**What the exercise asks**
Copy the data that follows exactly as it is, excluding all pictures.

**Given data**
——————————
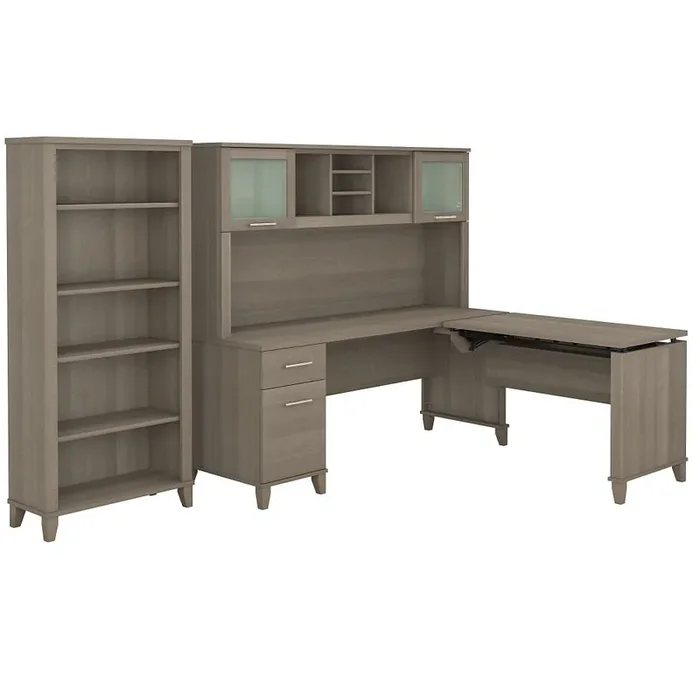 Bush Furniture – Somerset 72W Sit to Stand L Shaped Desk with Hutch and Bookcase in Ash Gray – SET017AG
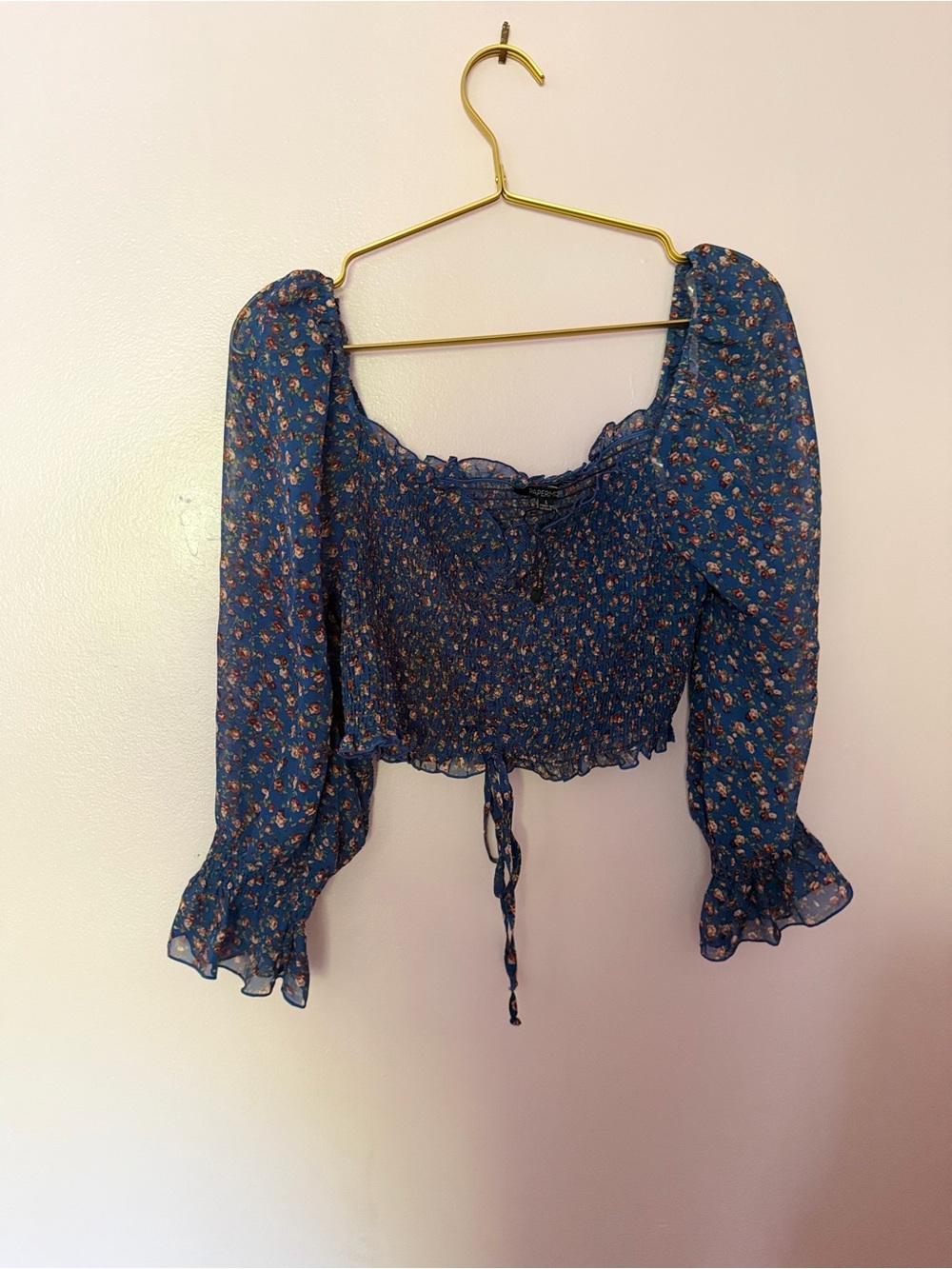 Papermoon Blue Floral Smocked Peasant Blouse
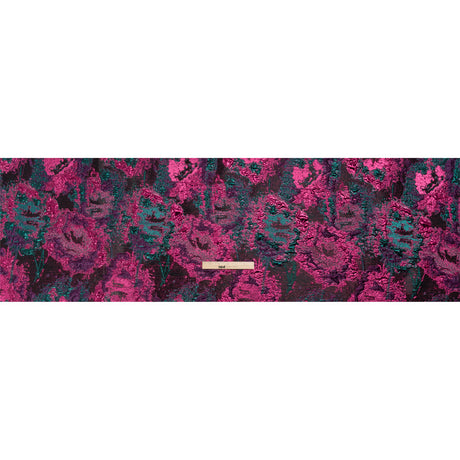 Metallic Fuchsia, Teal and Black Garden of Abstraction Luxury Brocade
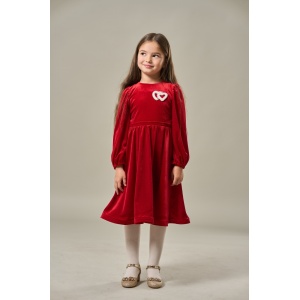 Rochita cu Inimioare, Rosie, din Catifea Super Soft, Pentru Fetite, 4-12 Ani - Img 3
——————————
**Finished exercise**
 Bush Furniture – Somerset 72W Sit to Stand L Shaped Desk with Hutch and Bookcase in Ash Gray – SET017AG
 Papermoon Blue Floral Smocked Peasant Blouse
 Metallic Fuchsia, Teal and Black Garden of Abstraction Luxury Brocade
 Rochita cu Inimioare, Rosie, din Catifea Super Soft, Pentru Fetite, 4-12 Ani - Img 3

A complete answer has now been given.